§ **Goal of the exercise**
Your answer must consist of the lines running from the one that holds "cascadeforest.org" to the end of the data, copied exactly.
---- Supplied material
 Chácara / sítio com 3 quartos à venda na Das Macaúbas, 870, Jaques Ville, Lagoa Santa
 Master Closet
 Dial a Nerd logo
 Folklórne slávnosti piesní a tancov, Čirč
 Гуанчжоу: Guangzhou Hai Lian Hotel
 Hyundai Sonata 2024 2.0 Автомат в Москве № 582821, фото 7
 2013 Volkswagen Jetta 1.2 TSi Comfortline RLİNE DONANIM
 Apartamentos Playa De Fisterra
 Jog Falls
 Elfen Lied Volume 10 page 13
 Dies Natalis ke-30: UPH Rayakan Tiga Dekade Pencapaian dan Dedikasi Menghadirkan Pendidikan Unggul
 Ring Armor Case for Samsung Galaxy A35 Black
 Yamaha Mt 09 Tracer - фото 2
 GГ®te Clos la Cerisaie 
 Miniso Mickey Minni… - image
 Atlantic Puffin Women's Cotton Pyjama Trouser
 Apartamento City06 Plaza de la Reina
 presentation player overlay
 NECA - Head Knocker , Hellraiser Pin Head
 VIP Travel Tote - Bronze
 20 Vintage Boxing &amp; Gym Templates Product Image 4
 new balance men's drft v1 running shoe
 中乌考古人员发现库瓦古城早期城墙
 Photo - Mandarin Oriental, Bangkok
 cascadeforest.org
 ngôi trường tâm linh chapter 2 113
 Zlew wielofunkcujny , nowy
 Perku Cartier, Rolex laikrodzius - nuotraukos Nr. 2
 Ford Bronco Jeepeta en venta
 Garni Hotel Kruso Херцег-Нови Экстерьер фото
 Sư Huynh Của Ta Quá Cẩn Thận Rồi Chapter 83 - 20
--------
§ **Result for this exercise**
 cascadeforest.org
 ngôi trường tâm linh chapter 2 113
 Zlew wielofunkcujny , nowy
 Perku Cartier, Rolex laikrodzius - nuotraukos Nr. 2
 Ford Bronco Jeepeta en venta
 Garni Hotel Kruso Херцег-Нови Экстерьер фото
 Sư Huynh Của Ta Quá Cẩn Thận Rồi Chapter 83 - 20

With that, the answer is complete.